Nonostante le numerose barriere finora realizzate è pertanto impossibile creare naturalmente una spiaggia.

A causa della morfologia costiera convessa verso mare prevale l’erosione da parte del moto ondoso.

Ci siamo posti il problema del recupero del litorale vesuviano e della sua trasformazione in una “Riviera Vesuviana” di pregio ambientale e di importanza socio-economica tale da interessare investitori pubblici e privati in sinergia.

Consideriamo che il litorale vesuviano è potenzialmente fruibile da alcuni milioni di abitanti dislocati entro i 30 chilometri di distanza, senza calcolare i turisti. Come già sopra detto, la fascia costiera è famosa per le aree archeologiche, per le Ville Vesuviane oltre che per il Vesuvio. Non mancano, pertanto, gli attrattori “autoctoni”.

Il restauro di una fascia costiera balneabile di circa 12 chilometri aprirebbe un nuovo scenario ambientale e socio-economico di valore strategico. Ricordiamo che il fatturato potenziale di una spiaggia simile può essere stimato tra 1000 e 2000 Euro per metro quadrato di spiaggia. Una nuova spiaggia balneabile ampia mediamente 20 metri corrisponderebbe almeno a circa 200.000 metri quadrati di nuovo territorio costiero. In base a quanto sopra detto, è facile valutare il significato socio-economico di tale risorsa potenziale.

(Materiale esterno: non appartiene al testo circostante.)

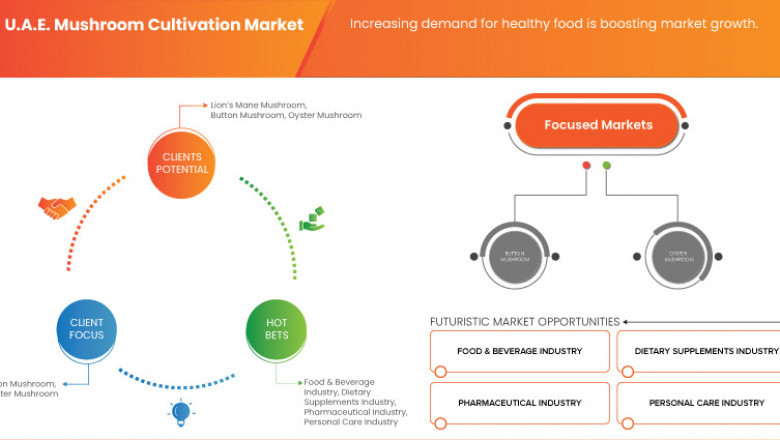 U.A.E. Mushroom Cultivation Market: Growing Sustainable Agriculture with High-Value Fungi Production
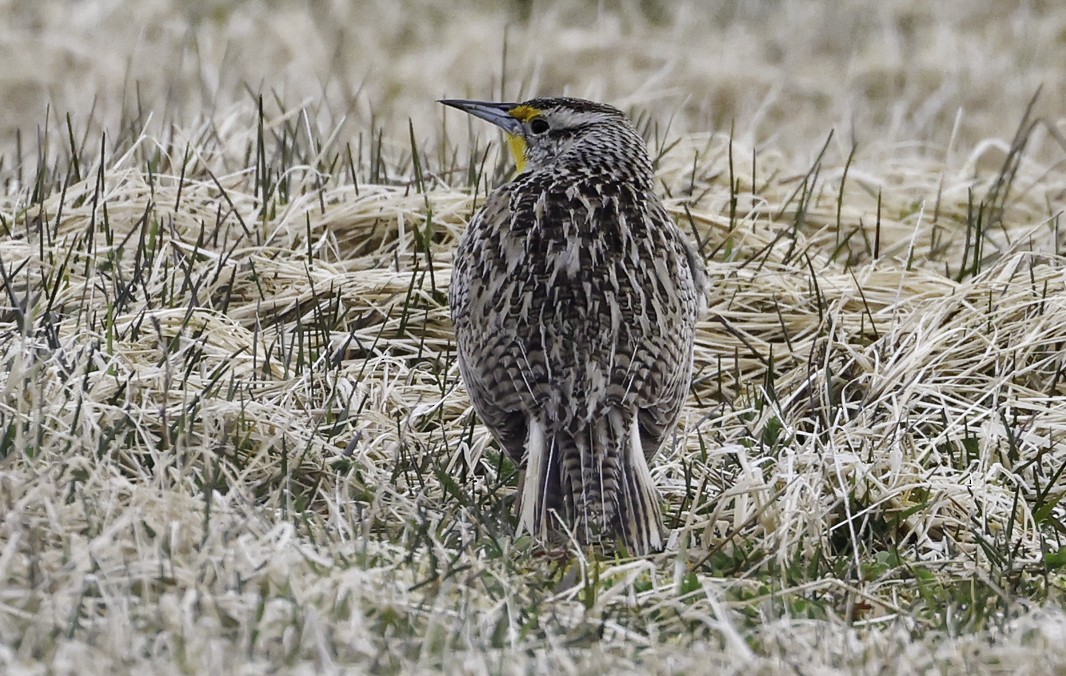 Western Meadowlark - ML635912106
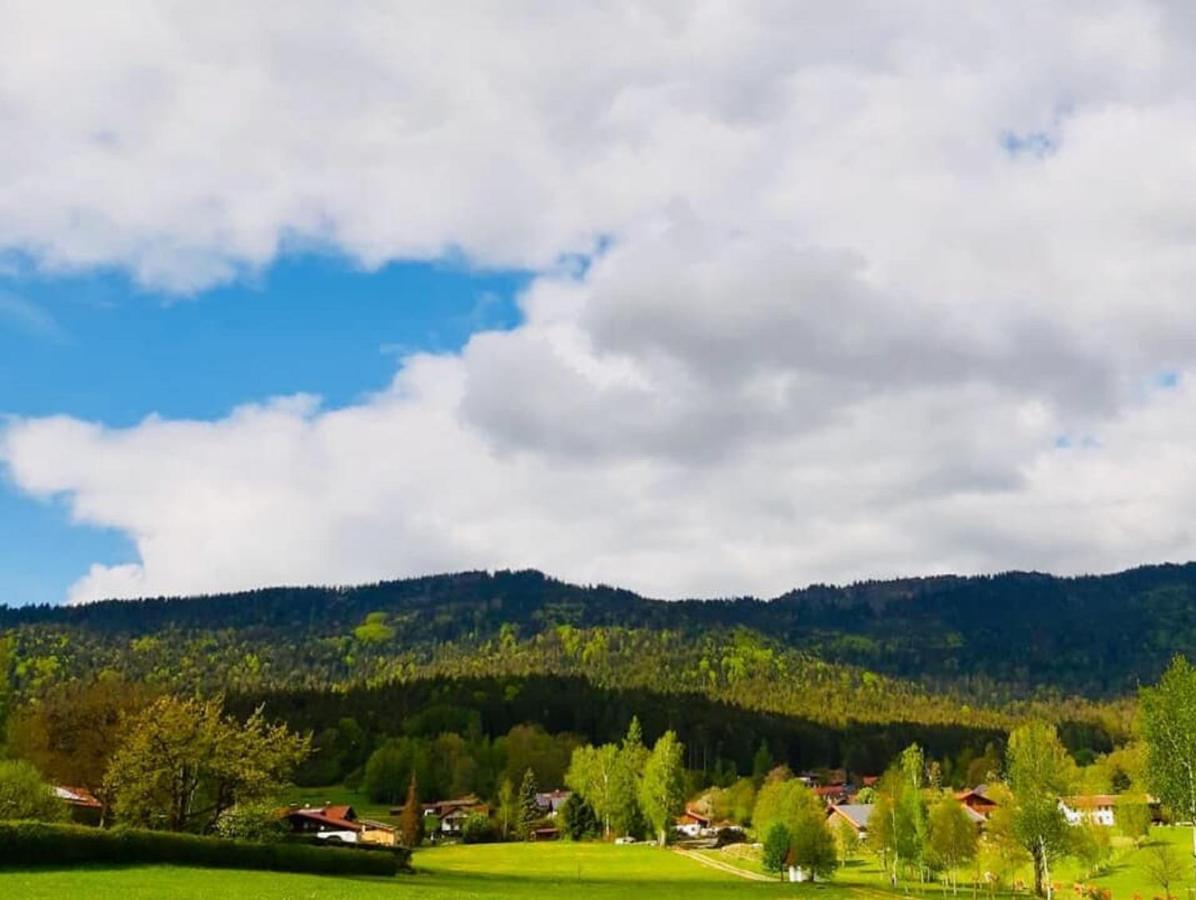 Steinbuehler Hof - Stressfrei Am Lande Hotell Kötzting Exteriör bild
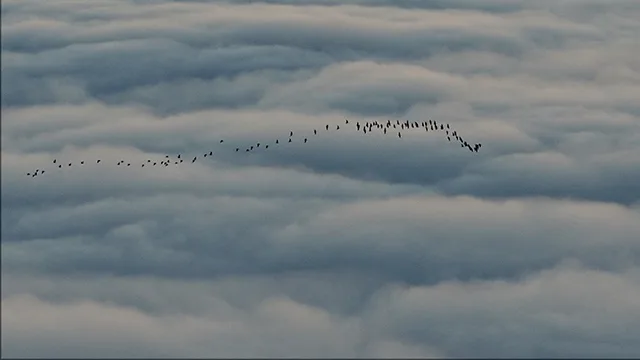 Sto ptáků letí ve tvaru písmene V nad mraky během jarní migrace.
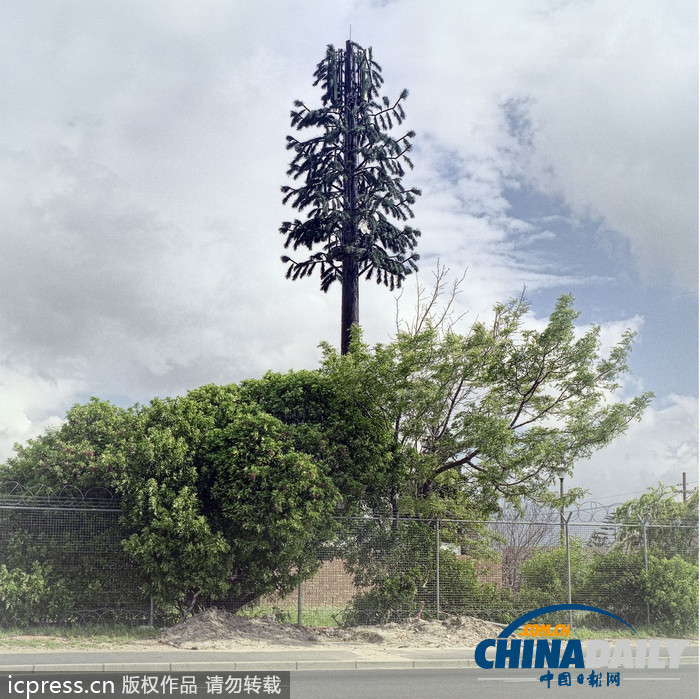 外來物種入侵？ 信號(hào)塔偽裝成植物大變身（組圖）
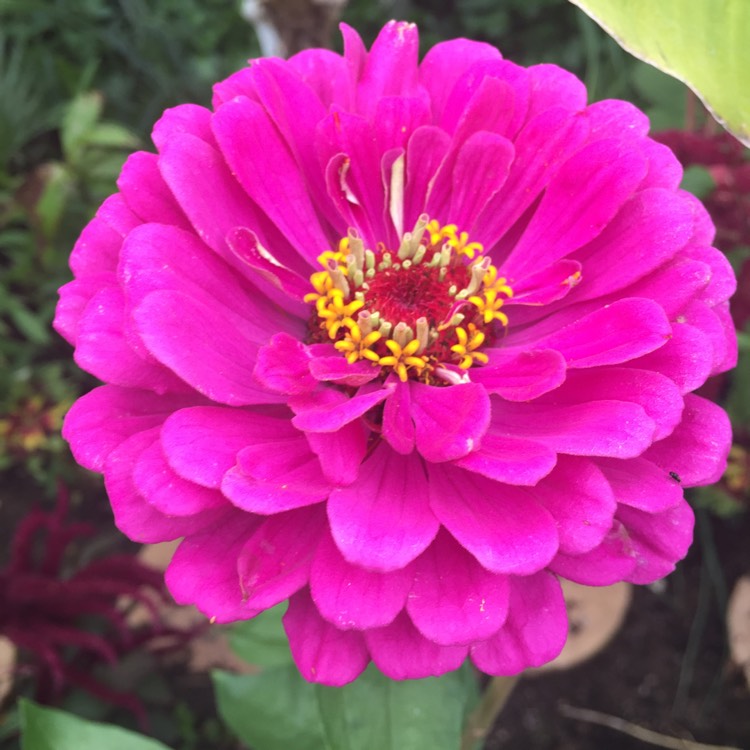 plant image 817847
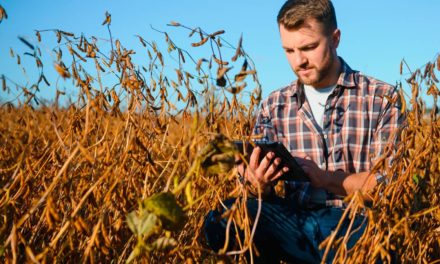 Gavea lança primeira bolsa digital e sustentável de commodities agrícolas do país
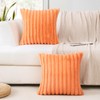 JOTOM Set of 2 Double-Sided Faux Fur Plush Cushion Covers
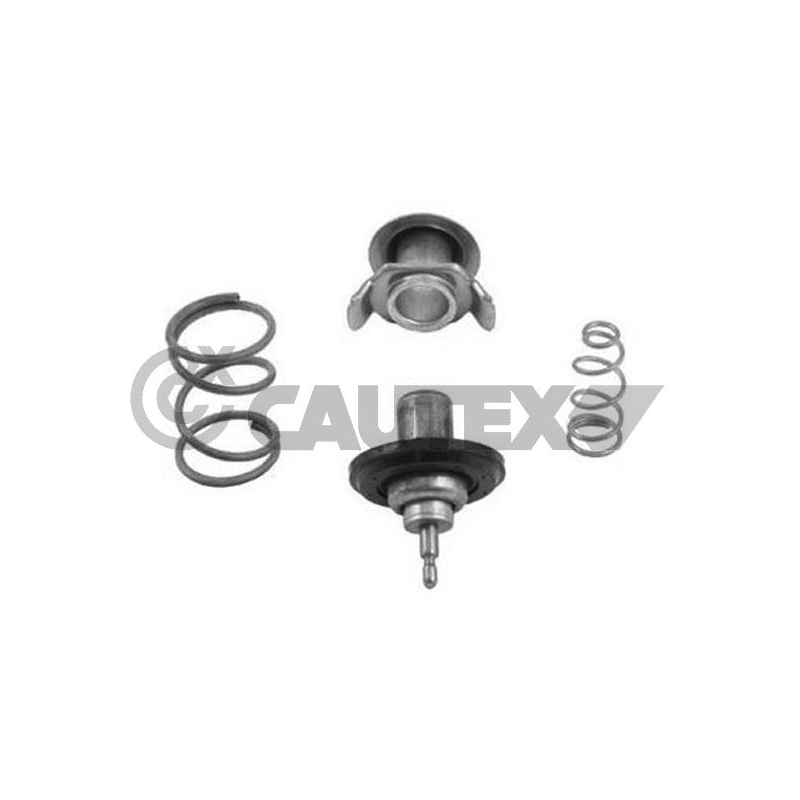 Termostato raffreddamento - CAUTEX GOMMA E PARTI MOTORE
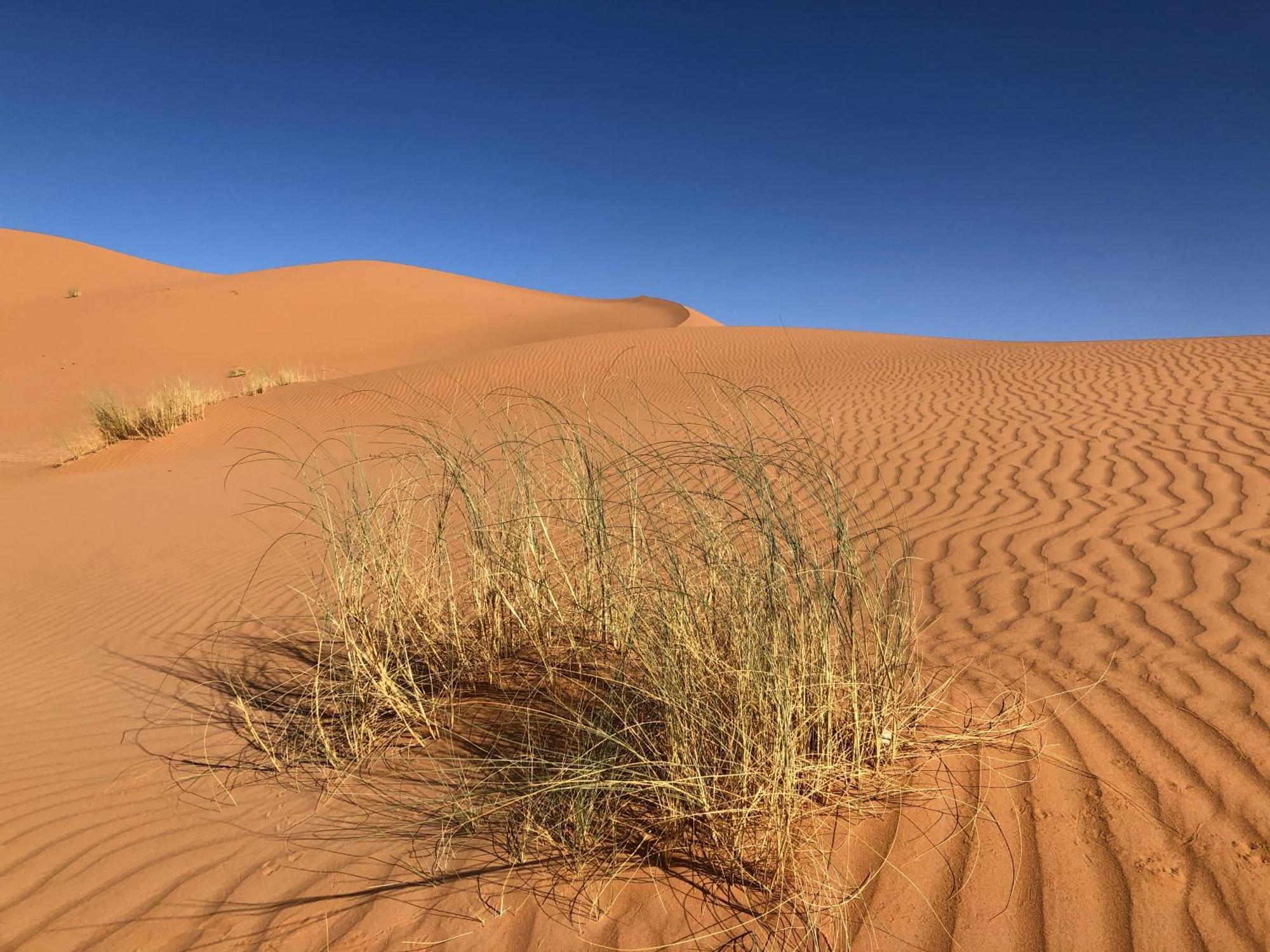Bivouac Le Petit Prince Merzouga Extérieur photo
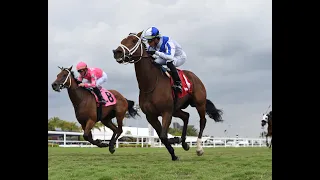 Gulfstream Park Resumen - 10 de Marzo 2024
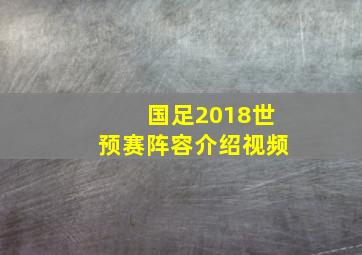 国足2018世预赛阵容介绍视频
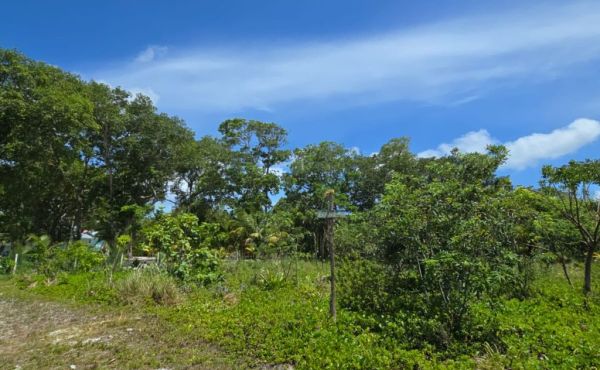 WhatsApp Image 2025-07-23 at 9.09.50 AM (2)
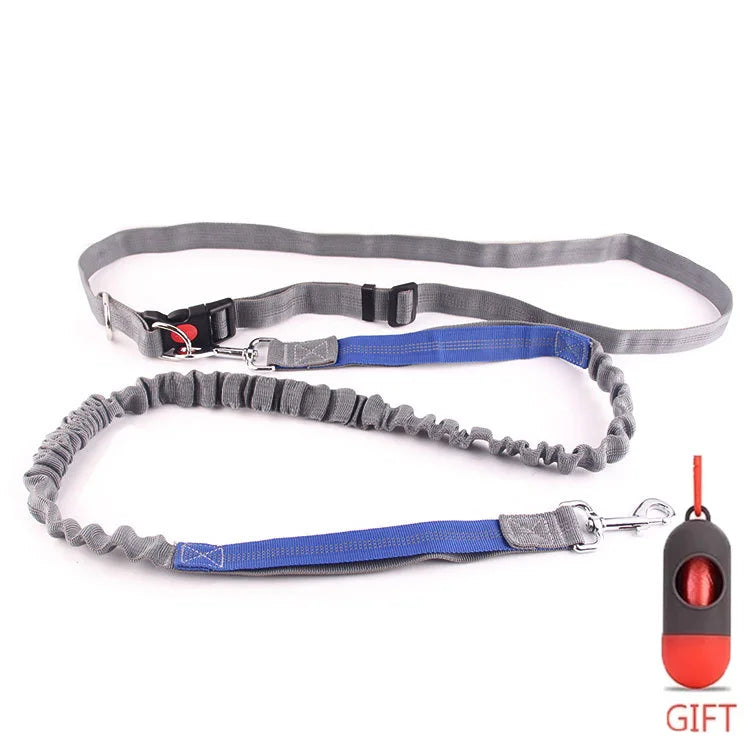 Running Dog Leash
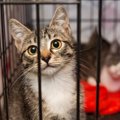 「オンラインで無責任に販売される猫を救え」　動物保護団体が購入し保護…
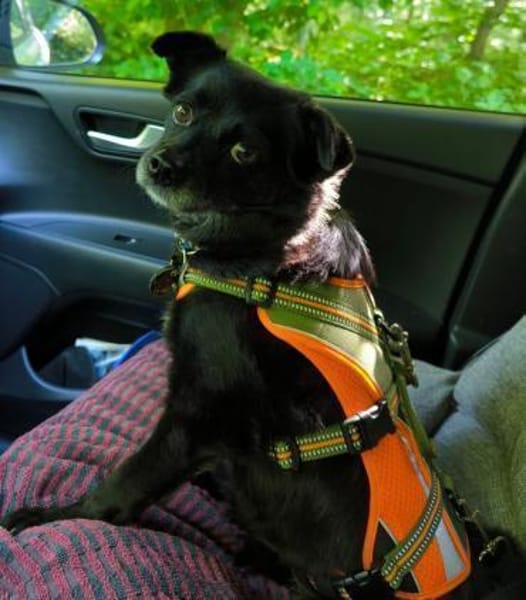 Keya sucht ein ruhiges Zuhause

Quali sono i problemi da risolvere che un normale amministratore dovrebbe porsi?

1-     disinquinamento delle acque costiere. Operazione attuata in molte regioni costiere italiane mediante adeguati impianti di depurazione ben funzionanti. Come mai non si riesce in Campania? Certamente finora non si è riusciti a disinquinare le acque reflue non perché esse siano più inquinate rispetto alle altre regioni italiane. E’ evidente che l’inquinamento è da cercare nelle teste degli amministratori del passato e del presente se non affronteranno drasticamente tale banale incombenza.

2-     restauro di una fascia di spiaggia balneabile e di un restrospiaggia attrezzato come ad esempio si può riscontrare a Vietri Marina nella zona costruita naturalmente dall’alluvione dell’ottobre 1954. I sedimenti per il restauro duraturo delle spiagge possono essere ricavati mediante un restauro ambientale di qualche cava di sedimenti vulcanici presente nel Parco Nazionale del Vesuvio come Cava Vitiello a Terzigno. Il restauro morfologico delle pareti sub verticali delle cave consentirebbe di ricavare terrazzi in cui realizzare interventi compatibili con l’area protetta mentre i sedimenti dovrebbero essere trasportati sul litorale e distribuiti via mare lungo le varie spiagge. Tali interventi metterebbero a servizio dei cittadini due aree di grande pregio ambientale ed eviterebbero le diaboliche iniziative miranti a riempire le cave a fossa di rifiuti vari (vedi cava SARI di Terzigno).

Non mi soffermo sui dettagli progettuali, molto articolati ma realizzabili in alcuni anni a vantaggio di tutte le comunità costiere, inclusi in un unico progetto di riqualificazione costiera.

Questi sinteticamente tratteggiati dovrebbero essere i primi passi realizzabili con un moderno e trasparente progetto di finanza ambientale dove pubblico e privato possono sinergicamente collaborare. L’appetito del restauro e della valorizzazione ambientale verrebbe sicuramente incrementato mediante una risistemazione della linea ferroviaria costiera e il miglioramento dei trasporti su rotaia e gomma pubblici e privati, una valorizzazione delle ville vesuviane e delle aree archeologiche il tutto finalizzato al ripristino di una “Riviera Vesuviana” di inestimabile pregio ambientale, culturale e socio-economico.